Is Foot Locker Ready to Run Higher?
With large pullbacks in the retail industry, we continue to believe there are opportunities for investors to have great gains over the next few years. Many retailers have come off their 52-week lows but are still well off where they were a couple of years ago and many present great value opportunities. In this industry, it is also important to investigate the company’s strategy for a changing retail environment and how they are handling the shift to a more digital experience.
One company with a good name and strong fundamentals is Foot Locker (FL). The company sells apparel, accessories, equipment, and footwear through 3,349 stores in North America, Europe, New Zealand, and Australia. It also sells its products and team licensed merchandise for high school and other athletes through the internet, mobile sites and catalogs. I would be interested in finding out the company’s total sales through its online platforms before investing in it.
Last week the company reported sales which missed estimates and issued weaker guidance than anticipated. This sent the stock price tumbling nearly 13% for the day. While the sales miss may sound concerning, it is important to remember that companies are going to report down quarters and even down years. An investor needs to focus on the long-term prospects of the business and not the daily or even quarterly fluctuations. Foot Locker now trades at $41.75, which is well off it’s 52-week high of $77.86.
Simply because a company has a decline in its stock price does not mean it now presents a value opportunity. It is always important to find out how much you are paying for the various aspects of a business. The current Price/Earnings of 14.0 is favorable to the industry average of 25.5. Price/Sales of 0.6 is below the industry average of 1.1. Price/Tangible Book Value of 2.0 is better than the industry average of 6.9 and Price/Cash Flow of 9.1 is also less expensive than the industry average of 9.3.
With the decline in the stock price, Foot Locker now pays an attractive dividend of 3.3%. The company only uses 31.3% of its earnings to pay out that dividend. This provides me with a lot of confidence that the dividend is sustainable and could even see an increase over the coming years. We also like to look at the cash flow statement when analyzing a company’s dividend. If we look at the first 3 quarters of the fiscal year, Foot Locker had cash from operations of $496 million, and the dividend only used $120 million in cash. This is a positive as the company was able to use excess cash on capital expenditures and buying back stock.
Over the last 12 months, sales have seen an increase of 0.21%, but EPS has fallen 39.7%. Many companies have seen drastic fluctuations in earnings due to accounting practices and the recent corporate tax reform. It is important to research how the tax changes will impact Foot Locker and if that was the cause of EPS has declined.
Turning to the balance sheet, a current ratio of 4.1 compares favorably to the industry average of 2.1 and shows the company has liquidity.
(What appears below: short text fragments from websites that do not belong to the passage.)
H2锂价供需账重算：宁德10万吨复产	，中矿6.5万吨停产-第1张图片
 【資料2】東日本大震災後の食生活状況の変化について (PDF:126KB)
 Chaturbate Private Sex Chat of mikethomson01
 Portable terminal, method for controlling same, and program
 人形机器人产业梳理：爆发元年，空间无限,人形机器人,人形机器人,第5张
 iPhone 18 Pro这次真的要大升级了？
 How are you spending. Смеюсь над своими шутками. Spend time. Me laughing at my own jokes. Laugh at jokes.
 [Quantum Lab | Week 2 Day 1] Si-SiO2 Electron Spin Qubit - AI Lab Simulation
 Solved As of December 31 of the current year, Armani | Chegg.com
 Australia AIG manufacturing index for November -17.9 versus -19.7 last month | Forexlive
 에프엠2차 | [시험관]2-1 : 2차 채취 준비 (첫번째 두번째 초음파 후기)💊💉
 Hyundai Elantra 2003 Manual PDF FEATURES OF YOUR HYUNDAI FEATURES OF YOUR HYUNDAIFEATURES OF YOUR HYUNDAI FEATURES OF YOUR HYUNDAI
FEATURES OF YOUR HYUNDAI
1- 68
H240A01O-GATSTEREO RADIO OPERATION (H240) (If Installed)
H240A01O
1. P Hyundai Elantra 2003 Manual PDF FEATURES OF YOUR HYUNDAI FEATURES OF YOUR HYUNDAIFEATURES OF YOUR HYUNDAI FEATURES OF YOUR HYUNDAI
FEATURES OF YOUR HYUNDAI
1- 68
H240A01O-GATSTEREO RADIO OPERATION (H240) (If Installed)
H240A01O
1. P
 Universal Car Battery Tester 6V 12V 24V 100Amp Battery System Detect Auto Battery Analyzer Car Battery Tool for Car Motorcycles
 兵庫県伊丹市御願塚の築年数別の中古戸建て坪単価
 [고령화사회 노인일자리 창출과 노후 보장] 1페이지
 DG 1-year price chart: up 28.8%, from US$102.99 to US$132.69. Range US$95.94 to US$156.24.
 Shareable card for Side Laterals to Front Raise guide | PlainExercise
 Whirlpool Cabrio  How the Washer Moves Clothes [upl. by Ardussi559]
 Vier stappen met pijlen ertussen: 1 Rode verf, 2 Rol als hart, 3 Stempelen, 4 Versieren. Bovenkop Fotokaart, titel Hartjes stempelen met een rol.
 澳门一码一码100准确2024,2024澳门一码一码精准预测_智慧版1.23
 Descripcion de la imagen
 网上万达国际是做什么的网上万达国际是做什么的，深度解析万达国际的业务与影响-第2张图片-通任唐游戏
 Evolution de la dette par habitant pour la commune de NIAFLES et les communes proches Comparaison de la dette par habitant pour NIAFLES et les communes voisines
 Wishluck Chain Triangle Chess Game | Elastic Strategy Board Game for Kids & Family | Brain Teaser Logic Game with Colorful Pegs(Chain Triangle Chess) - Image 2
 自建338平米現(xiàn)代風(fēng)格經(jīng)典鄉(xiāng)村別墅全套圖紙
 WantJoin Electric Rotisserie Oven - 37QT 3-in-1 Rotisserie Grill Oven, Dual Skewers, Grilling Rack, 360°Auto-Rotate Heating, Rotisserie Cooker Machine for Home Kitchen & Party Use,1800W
It is almost too much liquidity, I would like to know why the company has so much in short term assets. Total Debt/Equity of 5.0% is also better than the industry average of 55.7%.
Looking forward to January 2020 and using a forward multiple of 16.5, estimated GAAP EPS of $4.65 gives us a target sell price of $76.73. This would be an estimated return of 83.8%, which would place the company in our buy range. This company has many great fundamentals and would be worthwhile to conduct further research.